■ Task to carry out
In the records below, begin at the line that has "鲜呼吸抗甲醛净味全效墙面漆 5L" and stop after the line that has "CUBRE PEDALES Deportivos"; quote those lines verbatim and nothing more.

■ Source information
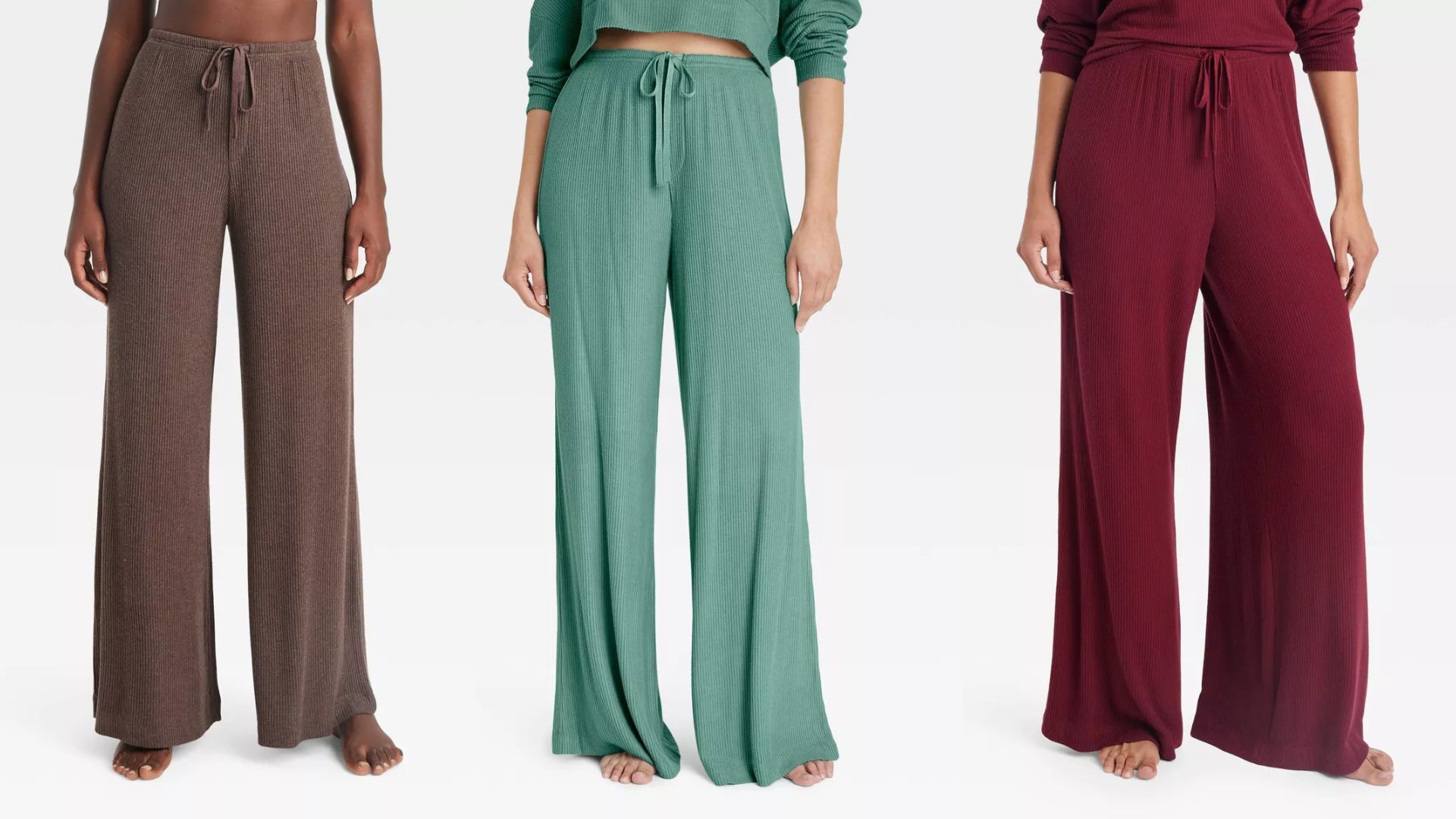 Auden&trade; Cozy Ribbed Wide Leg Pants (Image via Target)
--
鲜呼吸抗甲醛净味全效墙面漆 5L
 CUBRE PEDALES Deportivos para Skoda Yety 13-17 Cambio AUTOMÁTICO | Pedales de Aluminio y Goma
* * *
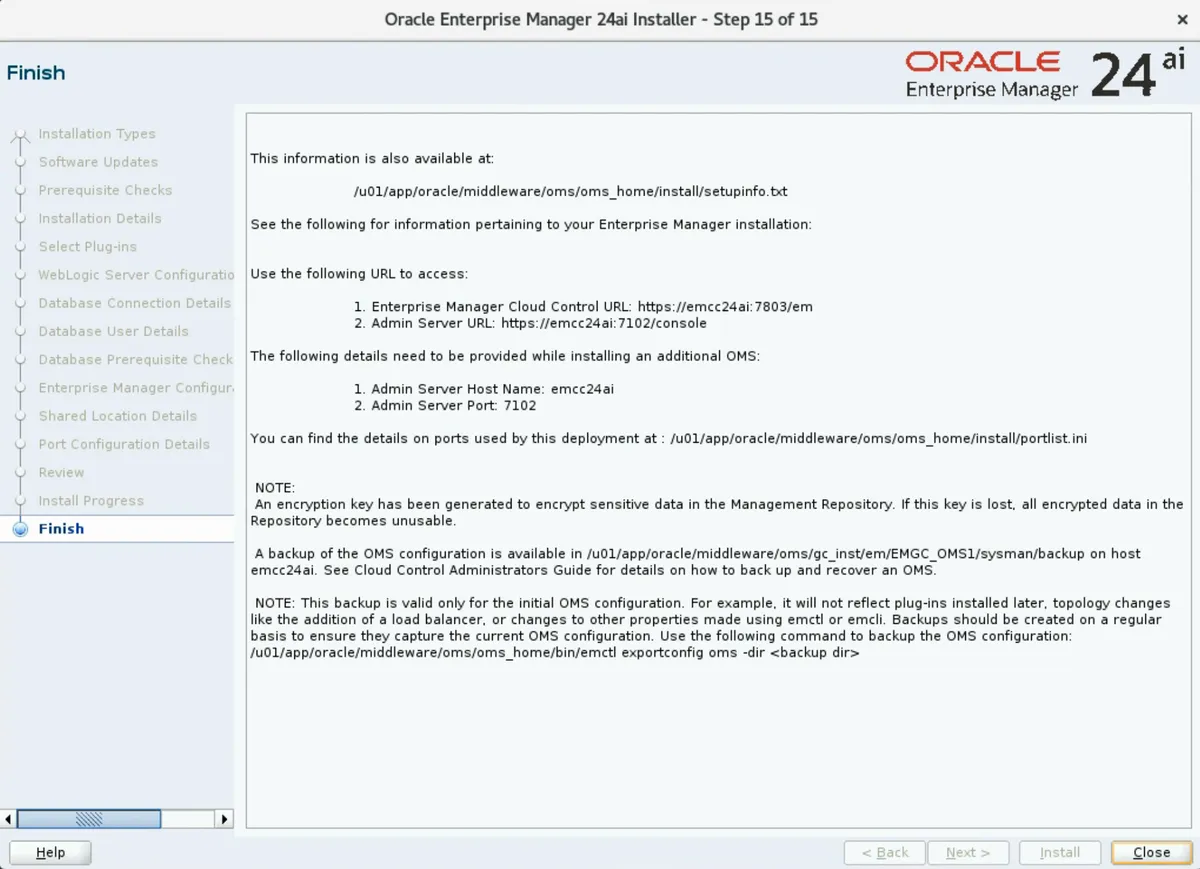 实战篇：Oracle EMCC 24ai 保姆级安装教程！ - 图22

■ Written solution
鲜呼吸抗甲醛净味全效墙面漆 5L
 CUBRE PEDALES Deportivos para Skoda Yety 13-17 Cambio AUTOMÁTICO | Pedales de Aluminio y Goma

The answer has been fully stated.